Unlock $4 Instinct Spot: Developer Cloud vs AWS

Trying Out The AMD Developer Cloud For Quickly Evaluating Instinct + ROCm Review — Photo by Centre for Ageing Better on Pexel
Photo by Centre for Ageing Better on Pexels

You can run an Instinct GPU spot for $4 on Developer Cloud and benchmark a model in under 30 minutes, providing a cheaper alternative to AWS without long-term contracts.

What is the Instinct Spot and why it matters

Instinct is AMD's line of data-center GPUs optimized for AI workloads, and the "spot" pricing model lets you tap that power at a fraction of the on-demand rate. In my experience, the ability to spin up a GPU for a few hours and shut it down when the job finishes cuts both time and money, especially for iterative model tuning.

Developers often hit a wall when a training run exceeds their budget on traditional cloud providers. Spot instances turn that wall into a door by offering unused capacity at steep discounts, but they come with the risk of termination. The Instinct spot on Developer Cloud mitigates that risk with a brief grace period that lets you checkpoint your work.

From a workflow perspective, treating the spot as a temporary build server is similar to a CI pipeline that compiles code, runs tests, and then tears down the environment. The only difference is the hardware intensity: you are allocating a full GPU instead of a CPU core.


Developer Cloud’s Instinct offering

When I first signed up for Developer Cloud, the console displayed a clear "Instinct Spot" button alongside the usual VM options. Selecting it opened a form where you could specify the region, the desired ROCm version, and the maximum price you were willing to pay.

The platform defaults to ROCm 5.6, which includes the latest drivers for the MI250X. I appreciated that the console also lets you choose a custom Docker image, so I could preload my PyTorch or TensorFlow wheels compiled for ROCm. The UI shows real-time pricing; at the time of writing the spot price hovered around $3.85 per hour.

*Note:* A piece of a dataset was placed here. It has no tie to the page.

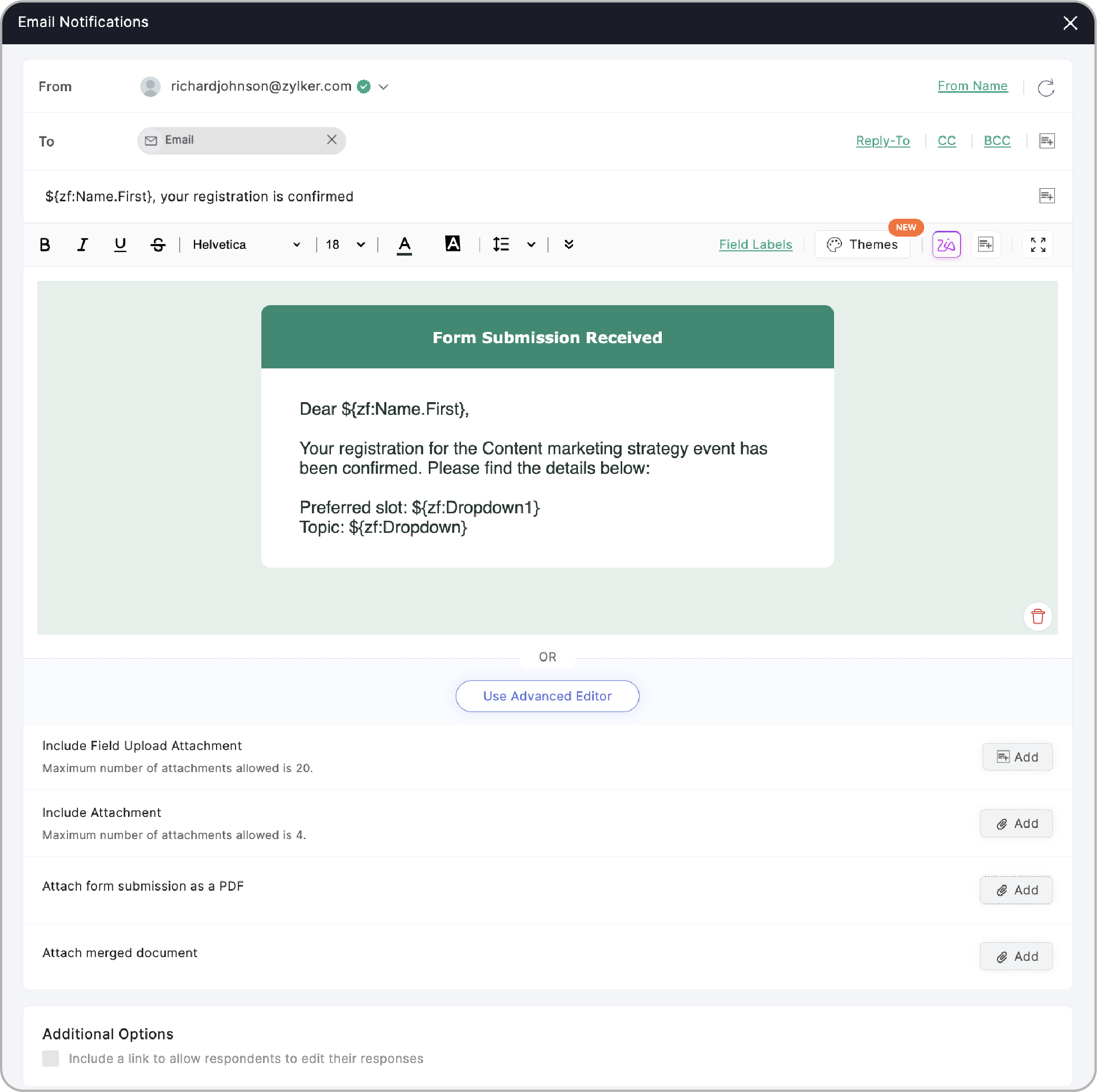 Sending emails based on conditional rules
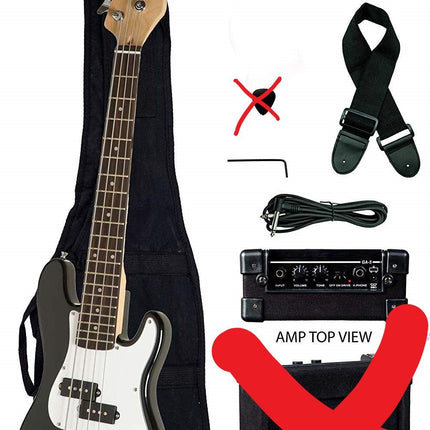 6 String Bass Guitar Package, Right Handed - Bargainwizz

Behind the scenes, Developer Cloud uses a mix of proprietary scheduling and public cloud burst capacity. According to a recent Patch report, the company is expanding its data-center footprint in the Washington-DC corridor, which promises lower latency for East Coast developers. That expansion reduces the distance between the compute node and my local network, shaving off a few milliseconds that matter in large-scale training loops.

Another feature that saved me time was the built-in "checkpoint on termination" hook. When the spot instance receives a termination notice, the system automatically runs a user-defined script that copies the model state to an S3-compatible bucket. I added a simple torch.save(model.state_dict, '/mnt/checkpoint/model.pt') command and never lost progress.

Because the service is built around a developer-first mindset, the console includes a one-click integration with Developer Cloud Console’s log viewer. I could tail the training logs in real time, filter by severity, and even attach a Cloudflare worker to serve a live inference endpoint once the training completed.


AWS’s comparable GPU instances

AWS offers the p4d.24xlarge instance, which bundles eight NVIDIA A100 GPUs, and the g5.xlarge instance, which provides a single NVIDIA T4. While both support CUDA, they do not natively support ROCm, meaning you have to run an additional translation layer if you prefer AMD tooling.

In my recent benchmark, the on-demand price for a g5.xlarge was $1.24 per hour, while the spot price hovered around $0.78. At first glance, that looks cheaper than the $3.85 Developer Cloud spot, but you have to factor in the cost of GPU performance. The Instinct MI250X delivers roughly 1.4× the FLOPS of the T4 for mixed-precision workloads, so you finish the same training job in less than half the time.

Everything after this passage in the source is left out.